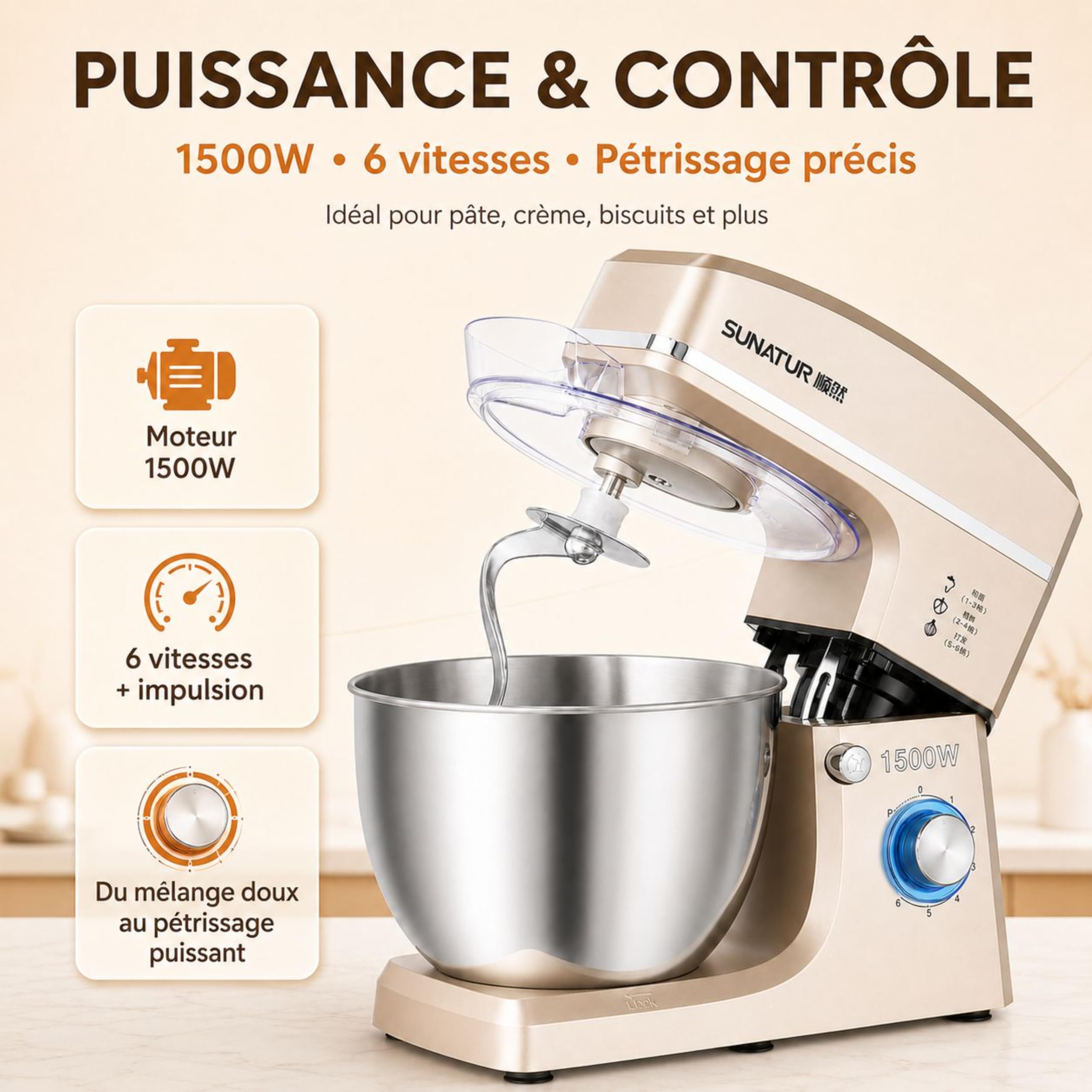 robot pâtissier, 8L, 1500W, 6 vitesses, batteur électrique de cuisine, tête de mixage inclinable et design antidérapant, bol de mixage en acier inoxydable. Livré avec 6 accessoires.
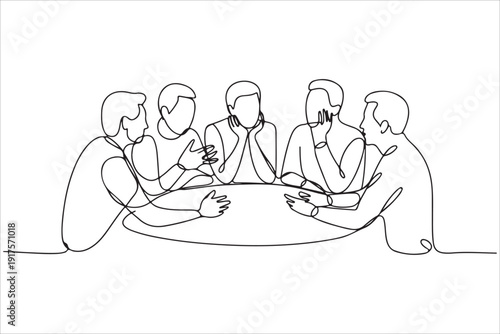 Business team meeting continuous line drawing vector, One continuous line business team meeting people sitting at desks working illustration vector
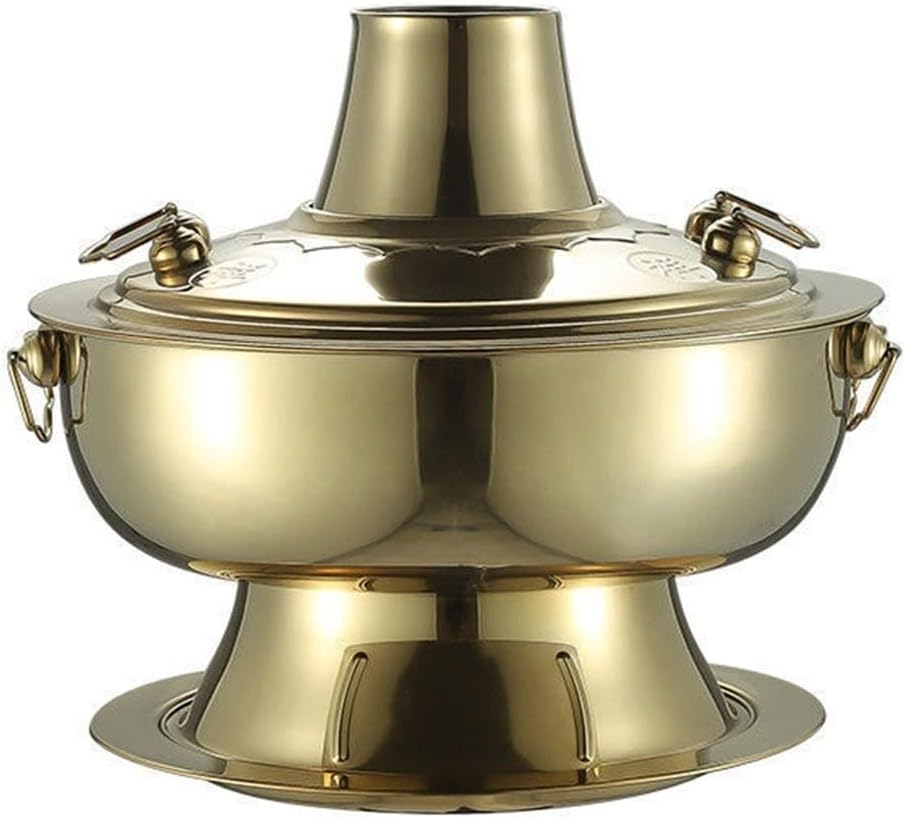 Chinese Hot Pot,Copper Hot Pot, All Copper Thick Charcoal Heated Old Hot Pot, Mongolian Multi-person Hot Pot, 30-36cm Suitable For Family Dinner And Outdoor Picnic(Gold,32cm)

> **Goal of the exercise**:
Output the material above verbatim but exclude each picture.

> **Solved exercise**:
 robot pâtissier, 8L, 1500W, 6 vitesses, batteur électrique de cuisine, tête de mixage inclinable et design antidérapant, bol de mixage en acier inoxydable. Livré avec 6 accessoires.
 Business team meeting continuous line drawing vector, One continuous line business team meeting people sitting at desks working illustration vector
 Chinese Hot Pot,Copper Hot Pot, All Copper Thick Charcoal Heated Old Hot Pot, Mongolian Multi-person Hot Pot, 30-36cm Suitable For Family Dinner And Outdoor Picnic(Gold,32cm)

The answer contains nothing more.